How many lines in the records below include "Leather"? Answer with the number only.
##### DATA TO EXAMINE #####
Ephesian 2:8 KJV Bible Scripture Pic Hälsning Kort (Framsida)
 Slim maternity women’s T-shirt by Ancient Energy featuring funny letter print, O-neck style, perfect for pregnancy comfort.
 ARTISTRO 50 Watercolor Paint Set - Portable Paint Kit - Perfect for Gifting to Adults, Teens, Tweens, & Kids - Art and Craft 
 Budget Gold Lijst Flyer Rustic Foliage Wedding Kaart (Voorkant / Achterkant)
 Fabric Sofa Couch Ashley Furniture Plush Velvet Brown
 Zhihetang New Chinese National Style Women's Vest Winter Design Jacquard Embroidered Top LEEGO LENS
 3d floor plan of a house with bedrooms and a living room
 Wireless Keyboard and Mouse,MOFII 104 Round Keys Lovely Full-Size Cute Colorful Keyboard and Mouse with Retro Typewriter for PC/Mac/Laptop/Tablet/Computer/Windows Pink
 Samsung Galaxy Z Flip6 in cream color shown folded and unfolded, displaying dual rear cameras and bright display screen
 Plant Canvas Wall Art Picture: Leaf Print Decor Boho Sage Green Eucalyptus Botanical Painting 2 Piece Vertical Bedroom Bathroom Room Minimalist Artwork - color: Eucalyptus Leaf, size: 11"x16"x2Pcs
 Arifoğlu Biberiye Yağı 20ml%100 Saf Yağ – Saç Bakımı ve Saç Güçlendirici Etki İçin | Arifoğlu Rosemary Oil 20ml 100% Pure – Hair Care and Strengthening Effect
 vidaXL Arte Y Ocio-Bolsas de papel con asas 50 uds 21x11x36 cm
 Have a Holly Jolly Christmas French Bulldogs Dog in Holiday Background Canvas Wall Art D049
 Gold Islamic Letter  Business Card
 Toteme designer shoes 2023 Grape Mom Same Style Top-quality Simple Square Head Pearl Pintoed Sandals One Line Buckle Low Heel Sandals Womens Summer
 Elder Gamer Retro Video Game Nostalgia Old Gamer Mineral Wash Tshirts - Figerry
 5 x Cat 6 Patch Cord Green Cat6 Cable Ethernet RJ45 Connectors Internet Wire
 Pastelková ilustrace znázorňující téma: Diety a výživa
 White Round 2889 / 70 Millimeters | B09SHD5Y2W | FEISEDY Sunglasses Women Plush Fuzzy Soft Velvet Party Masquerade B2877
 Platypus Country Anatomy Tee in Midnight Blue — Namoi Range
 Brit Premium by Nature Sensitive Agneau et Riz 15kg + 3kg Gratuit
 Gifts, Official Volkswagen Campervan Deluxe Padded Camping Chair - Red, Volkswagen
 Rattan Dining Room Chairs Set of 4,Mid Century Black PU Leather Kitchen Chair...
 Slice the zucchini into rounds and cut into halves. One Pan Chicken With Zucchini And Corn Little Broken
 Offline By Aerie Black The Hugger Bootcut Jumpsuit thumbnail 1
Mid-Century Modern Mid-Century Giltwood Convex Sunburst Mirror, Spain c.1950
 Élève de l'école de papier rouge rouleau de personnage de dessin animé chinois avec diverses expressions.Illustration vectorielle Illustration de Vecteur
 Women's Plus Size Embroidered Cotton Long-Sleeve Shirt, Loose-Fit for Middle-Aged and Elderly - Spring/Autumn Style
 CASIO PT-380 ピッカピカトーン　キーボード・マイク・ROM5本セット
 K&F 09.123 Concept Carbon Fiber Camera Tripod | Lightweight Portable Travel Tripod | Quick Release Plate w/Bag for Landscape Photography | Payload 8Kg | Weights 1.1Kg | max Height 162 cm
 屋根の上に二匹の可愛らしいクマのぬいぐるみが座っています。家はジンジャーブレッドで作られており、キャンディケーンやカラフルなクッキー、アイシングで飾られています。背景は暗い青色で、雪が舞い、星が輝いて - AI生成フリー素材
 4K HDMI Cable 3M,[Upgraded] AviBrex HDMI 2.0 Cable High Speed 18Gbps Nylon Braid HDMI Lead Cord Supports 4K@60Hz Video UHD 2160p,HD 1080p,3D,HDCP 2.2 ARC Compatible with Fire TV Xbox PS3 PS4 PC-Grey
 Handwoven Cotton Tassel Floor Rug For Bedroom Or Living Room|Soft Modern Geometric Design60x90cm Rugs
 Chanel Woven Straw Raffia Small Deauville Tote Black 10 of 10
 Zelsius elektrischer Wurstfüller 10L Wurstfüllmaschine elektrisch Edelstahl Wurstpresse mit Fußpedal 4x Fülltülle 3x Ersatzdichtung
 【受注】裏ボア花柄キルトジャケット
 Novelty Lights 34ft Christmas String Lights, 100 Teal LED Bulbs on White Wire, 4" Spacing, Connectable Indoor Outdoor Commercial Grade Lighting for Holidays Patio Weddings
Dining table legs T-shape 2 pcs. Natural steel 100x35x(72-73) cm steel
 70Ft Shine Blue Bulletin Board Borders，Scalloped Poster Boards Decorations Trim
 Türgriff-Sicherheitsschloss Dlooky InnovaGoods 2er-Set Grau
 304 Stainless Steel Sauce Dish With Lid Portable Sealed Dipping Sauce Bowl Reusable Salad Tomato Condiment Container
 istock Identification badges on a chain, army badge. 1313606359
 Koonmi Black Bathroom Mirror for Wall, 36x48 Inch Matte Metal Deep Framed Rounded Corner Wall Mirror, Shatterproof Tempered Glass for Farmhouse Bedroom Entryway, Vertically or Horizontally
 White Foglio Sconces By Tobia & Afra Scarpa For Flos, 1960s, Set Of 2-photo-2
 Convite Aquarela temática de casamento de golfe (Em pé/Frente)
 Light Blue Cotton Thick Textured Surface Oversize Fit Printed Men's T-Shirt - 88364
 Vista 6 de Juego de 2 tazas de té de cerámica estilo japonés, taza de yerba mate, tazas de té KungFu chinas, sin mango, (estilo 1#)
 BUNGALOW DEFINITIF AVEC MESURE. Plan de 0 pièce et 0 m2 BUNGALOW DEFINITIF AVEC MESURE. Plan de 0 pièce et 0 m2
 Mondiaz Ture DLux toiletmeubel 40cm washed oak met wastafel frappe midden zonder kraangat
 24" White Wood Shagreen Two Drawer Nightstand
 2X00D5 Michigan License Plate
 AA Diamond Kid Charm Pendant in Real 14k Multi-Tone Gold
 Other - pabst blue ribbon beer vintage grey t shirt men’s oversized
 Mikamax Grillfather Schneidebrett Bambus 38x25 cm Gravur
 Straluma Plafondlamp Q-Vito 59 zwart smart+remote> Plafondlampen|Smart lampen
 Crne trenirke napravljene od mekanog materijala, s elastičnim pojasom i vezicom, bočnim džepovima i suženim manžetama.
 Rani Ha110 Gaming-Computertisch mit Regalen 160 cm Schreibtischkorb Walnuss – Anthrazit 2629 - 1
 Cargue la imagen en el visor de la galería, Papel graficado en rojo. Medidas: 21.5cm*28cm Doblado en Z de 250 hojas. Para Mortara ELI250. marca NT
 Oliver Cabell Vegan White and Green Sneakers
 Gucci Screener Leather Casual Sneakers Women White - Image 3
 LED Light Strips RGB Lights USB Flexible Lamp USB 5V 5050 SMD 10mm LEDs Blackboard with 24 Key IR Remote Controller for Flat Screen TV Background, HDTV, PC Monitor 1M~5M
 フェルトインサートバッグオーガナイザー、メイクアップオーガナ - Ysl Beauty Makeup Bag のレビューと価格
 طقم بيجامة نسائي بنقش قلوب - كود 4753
#####
PROBLEM SOLUTION
2